A staffing crisis in NHS England has contributed to the delays brought about by the Covid backlog. Many workers have left the profession, some due to the the burnout from pandemic.

According to reports from March 2022, one in 10 nursing roles are not currently filled while the service needs one more doctor for every 16 it already has.

Vacancies recorded between October and December in 2021 also hit a new record since April-June 2019.

Patricia Marquis, the Royal College of Nursing’s director for England, dubbed the numbers “deeply worrying”.

She told The Guardian: “The fact that nursing vacancies remain stubbornly high, at about 40,000 in the NHS in England, is deeply worrying. With every job that remains unfilled, safe patient care becomes even harder to maintain.”

Travel

Railway network

In March 2022, rail fares increased by the largest amount in nine years climbing by 3.8%. The average commuter now faces paying £3,263 for their season ticket.

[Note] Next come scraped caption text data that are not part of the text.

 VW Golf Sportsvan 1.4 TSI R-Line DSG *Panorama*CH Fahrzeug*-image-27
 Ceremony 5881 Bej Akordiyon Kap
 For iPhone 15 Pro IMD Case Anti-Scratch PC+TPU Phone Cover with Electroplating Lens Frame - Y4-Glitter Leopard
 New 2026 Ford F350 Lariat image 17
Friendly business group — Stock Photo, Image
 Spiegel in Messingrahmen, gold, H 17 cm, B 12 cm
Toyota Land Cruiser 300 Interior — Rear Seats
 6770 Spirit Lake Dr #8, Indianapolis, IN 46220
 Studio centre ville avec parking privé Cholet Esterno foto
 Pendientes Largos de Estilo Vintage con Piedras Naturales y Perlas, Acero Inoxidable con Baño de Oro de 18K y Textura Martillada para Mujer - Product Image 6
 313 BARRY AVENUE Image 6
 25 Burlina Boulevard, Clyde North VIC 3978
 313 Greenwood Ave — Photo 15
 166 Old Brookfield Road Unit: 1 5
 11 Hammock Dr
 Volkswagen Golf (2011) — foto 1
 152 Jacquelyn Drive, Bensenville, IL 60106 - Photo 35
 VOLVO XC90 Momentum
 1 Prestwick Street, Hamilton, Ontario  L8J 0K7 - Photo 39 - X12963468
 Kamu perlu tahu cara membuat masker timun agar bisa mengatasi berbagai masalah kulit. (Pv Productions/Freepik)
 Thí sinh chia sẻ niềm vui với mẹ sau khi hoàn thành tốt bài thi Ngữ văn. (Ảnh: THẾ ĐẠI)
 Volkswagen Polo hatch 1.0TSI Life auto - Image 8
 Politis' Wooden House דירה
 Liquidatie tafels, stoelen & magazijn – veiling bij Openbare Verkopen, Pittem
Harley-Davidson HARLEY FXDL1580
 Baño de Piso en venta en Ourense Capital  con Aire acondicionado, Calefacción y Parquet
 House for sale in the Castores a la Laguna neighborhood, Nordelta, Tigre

However, it’s worth pointing out that rail fares were already climbing prior to the first lockdown, with campaigners warning that the cost was “outstripping people’s incomes” back in January 2020.

Then there are the strikes taking place next week on June 21, 23 and 25, which is set to be the biggest walkout for 33 years. The Centre for Economics and Business Research believe it will cost at least £91million to the economy.

Airports

Airports have also been hit with staff shortages in recent months, with delays causing 3,363 flights cancelled in the UK up to the month of March – up 0.9% from flights cancelled in the same period in 2019, according to the Civil Aviation Authority.

British Airways alone cancelled 8,000 flights between March and October, while EasyJet has cut around 40 flights per day for the rest of June, while almost 200 flights into UK airports were cancelled from a range of airlines over the bank holiday weekend.

Bosses have blamed the Covid pandemic – and the government’s handling of it – for the issues.

Willie Walsh, director general of the International Air Transport Association told the Paris Air Forum: “Boris Johnson, he highlights one of the reasons why he should continue to be prime minister as being the way he handled the pandemic. What a joke. They should have done a hell of a lot better.”

While others have pointed the finger at Brexit for creating staff shortages, transport secretary Grant Shapps just claimed that airports across Europe were experiencing the same shortages after the pandemic.

Fuel

The changes to our petrol prices do not come as a surprise to anyone. A global problem prompted by Russia’s invasion of Ukraine – two countries which provide a large chunk of the world’s fossil fuels supplies – has been hitting headlines around the world for months.

As of June 7 2022, a litre of unleaded costs 180.73 per litre and diesel costs 186.57p per litre.

According to the RAC, on June 3 2019, unleaded cost 140.67p per litre and diesel cost 135.51p per litre.

Unsurprisingly, our energy bills have also leapt up to the highest level seen since the 1950s, according to Sky News analysis, due to a shortage of fuel.

Is that...all?

Um, no.

Inflation is also at a 40-year-high due to the cost of living crisis and interest rates have climbed to 1.25% – the highest levels we’ve seen since 2009.

On top of that, passport delays and problems receiving driver’s licences have added to the already painful summer unfolding this year.